Prompt: From the line with "Lululemon grey cross body purse" to the line with "Apartamento T2 para", retype each line exactly as it stands in the records below, but skip the pictures.

Data extracts:
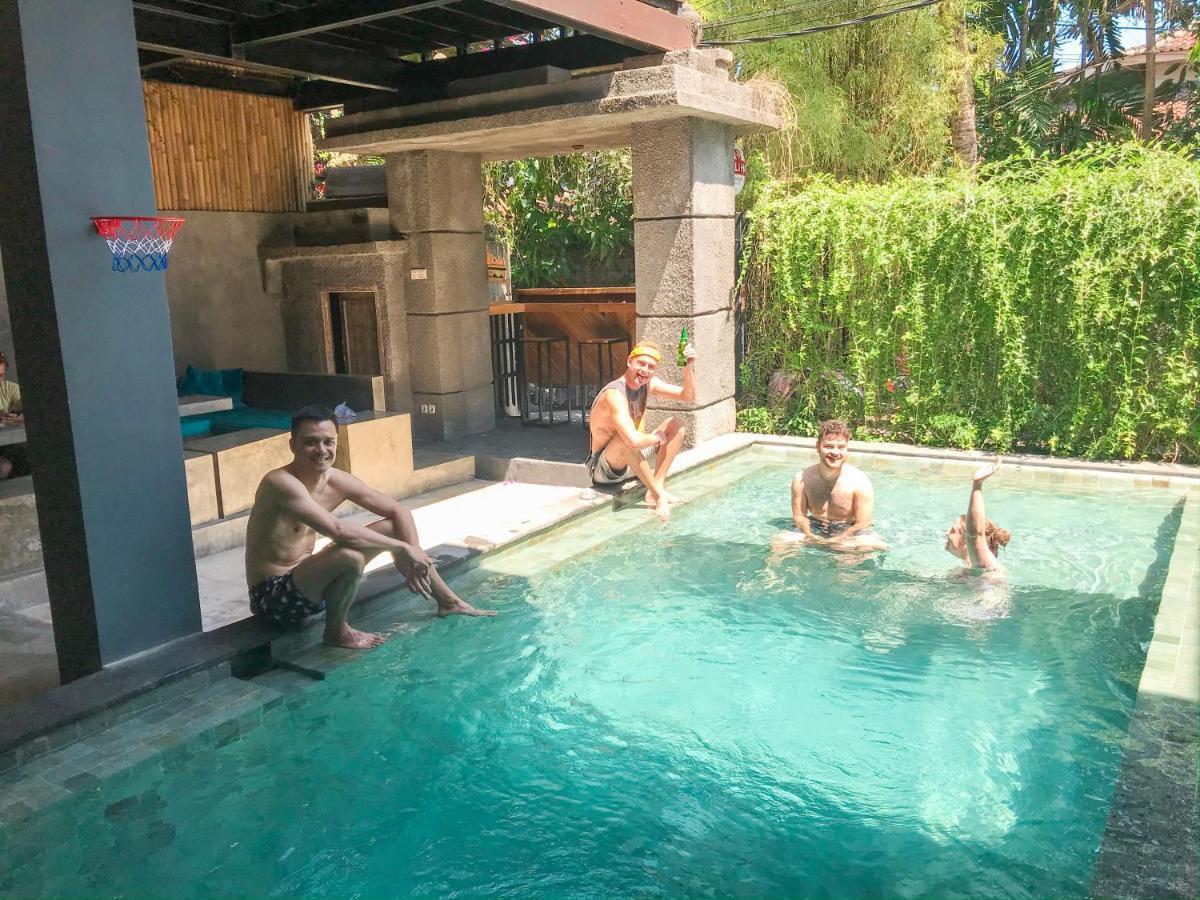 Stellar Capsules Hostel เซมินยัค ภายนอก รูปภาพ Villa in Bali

* * *

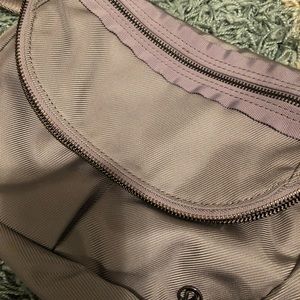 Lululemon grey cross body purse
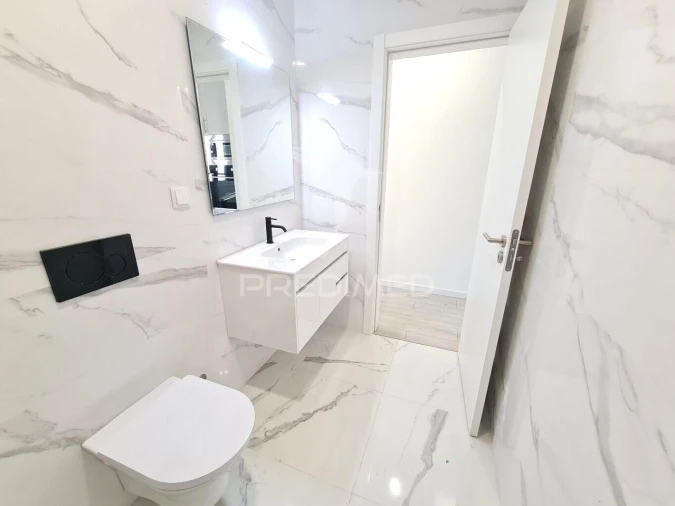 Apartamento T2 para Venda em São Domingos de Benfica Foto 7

Expected output:
 Lululemon grey cross body purse
 Apartamento T2 para Venda em São Domingos de Benfica Foto 7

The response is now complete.